Homogeneity of Variances Check

Levene’s Test:
 - Null Hypothesis: Variances are equal across groups.
 - Alternative Hypothesis: Variances are not equal across groups.
 - p-value: 0.0000
   ❌ Interpretation: Reject the null hypothesis. Variances are not equal across the groups.



### Difference in Means (ANOVA)

In [20]:
print("Difference in Means (ANOVA)\n")
stat, p = f_oneway(data_frame[data_frame["Category"] == "X"]["Result"],
                   data_frame[data_frame["Category"] == "Y"]["Result"],
                   data_frame[data_frame["Category"] == "Z"]["Result"])
print(f"ANOVA Test:\n - Null Hypothesis: All group means are equal.\n - Alternative Hypothesis: At least one group mean is different.\n - p-value: {p:.4f}")
if p < 0.05:
    print("   ❗ Interpretation: Reject the null hypothesis. There is a significant difference in means among the groups.\n")
else:
    print("   ✅ Interpretation: Fail to reject the null hypothesis. No significant difference in means among the groups.\n")


Difference in Means (ANOVA)

ANOVA Test:
 - Null Hypothesis: All group means are equal.
 - Alternative Hypothesis: At least one group mean is different.
 - p-value: 0.0000
   ❗ Interpretation: Reject the null hypothesis. There is a significant difference in means among the groups.



### Non-Parametric Comparison (Mann-Whitney U Test)

In [22]:
print("Non-Parametric Test (Mann-Whitney U)\n")
stat, p = mannwhitneyu(data_frame[data_frame["Category"] == "X"]["Result"],
                       data_frame[data_frame["Category"] == "Y"]["Result"],
                       alternative='two-sided')
print(f"Mann-Whitney U Test:\n - Null Hypothesis: No significant difference between Group X and Y.\n - Alternative Hypothesis: Significant difference between Group X and Y.\n - p-value: {p:.4f}")
if p < 0.05:
    print("   ❗ Interpretation: Reject the null hypothesis. Significant difference between Group X and Y.\n")
else:
    print("   ✅ Interpretation: Fail to reject the null hypothesis. No significant difference between Group X and Y.\n")


Non-Parametric Test (Mann-Whitney U)

Mann-Whitney U Test:
 - Null Hypothesis: No significant difference between Group X and Y.
 - Alternative Hypothesis: Significant difference between Group X and Y.
 - p-value: 0.0001
   ❗ Interpretation: Reject the null hypothesis. Significant difference between Group X and Y.

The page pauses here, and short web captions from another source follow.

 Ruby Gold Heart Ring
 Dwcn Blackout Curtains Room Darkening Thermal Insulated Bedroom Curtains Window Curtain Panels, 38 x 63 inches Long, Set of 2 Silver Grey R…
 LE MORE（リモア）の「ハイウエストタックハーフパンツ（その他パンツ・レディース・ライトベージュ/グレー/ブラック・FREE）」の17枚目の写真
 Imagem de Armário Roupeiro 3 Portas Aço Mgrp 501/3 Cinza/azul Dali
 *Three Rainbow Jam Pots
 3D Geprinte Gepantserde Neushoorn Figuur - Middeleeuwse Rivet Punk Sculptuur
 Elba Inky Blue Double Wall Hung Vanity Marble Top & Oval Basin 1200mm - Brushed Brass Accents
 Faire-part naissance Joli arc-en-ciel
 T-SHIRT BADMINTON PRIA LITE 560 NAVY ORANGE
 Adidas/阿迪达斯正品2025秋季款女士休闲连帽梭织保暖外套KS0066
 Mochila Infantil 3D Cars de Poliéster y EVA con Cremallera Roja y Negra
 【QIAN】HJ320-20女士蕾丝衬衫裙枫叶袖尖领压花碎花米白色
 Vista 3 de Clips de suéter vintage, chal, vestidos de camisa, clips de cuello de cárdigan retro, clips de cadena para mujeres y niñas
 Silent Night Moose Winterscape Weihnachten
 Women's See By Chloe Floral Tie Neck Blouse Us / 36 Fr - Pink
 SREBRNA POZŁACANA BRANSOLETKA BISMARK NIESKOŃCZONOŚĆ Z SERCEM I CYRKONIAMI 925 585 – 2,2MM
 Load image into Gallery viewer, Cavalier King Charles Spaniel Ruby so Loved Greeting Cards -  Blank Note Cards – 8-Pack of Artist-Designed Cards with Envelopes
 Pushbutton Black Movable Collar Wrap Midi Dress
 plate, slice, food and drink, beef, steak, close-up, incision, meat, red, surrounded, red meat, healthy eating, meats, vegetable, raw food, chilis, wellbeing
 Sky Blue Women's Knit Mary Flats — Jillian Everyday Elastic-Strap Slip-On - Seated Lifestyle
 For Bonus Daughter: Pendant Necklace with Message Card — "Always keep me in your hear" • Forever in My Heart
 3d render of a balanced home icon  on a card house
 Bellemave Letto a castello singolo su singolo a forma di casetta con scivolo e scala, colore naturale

### Association Between Categorical Variables (Chi-Square Test)

In [23]:
print("Association Between Categorical Variables\n")
contingency = pd.crosstab(data_frame["Category"], data_frame["Level"])
stat, p, dof, expected = chi2_contingency(contingency)
print(f"Chi-Square Test:\n - Null Hypothesis: Category and Level are independent.\n - Alternative Hypothesis: There is a relationship between Category and Level.\n - p-value: {p:.4f}")
if p < 0.05:
    print("   ❗ Interpretation: Reject the null hypothesis. There is a relationship between Category and Level.\n")
else:
    print("   ✅ Interpretation: Fail to reject the null hypothesis. Category and Level are independent.\n")


Association Between Categorical Variables

Chi-Square Test:
 - Null Hypothesis: Category and Level are independent.
 - Alternative Hypothesis: There is a relationship between Category and Level.
 - p-value: 0.0022
   ❗ Interpretation: Reject the null hypothesis. There is a relationship between Category and Level.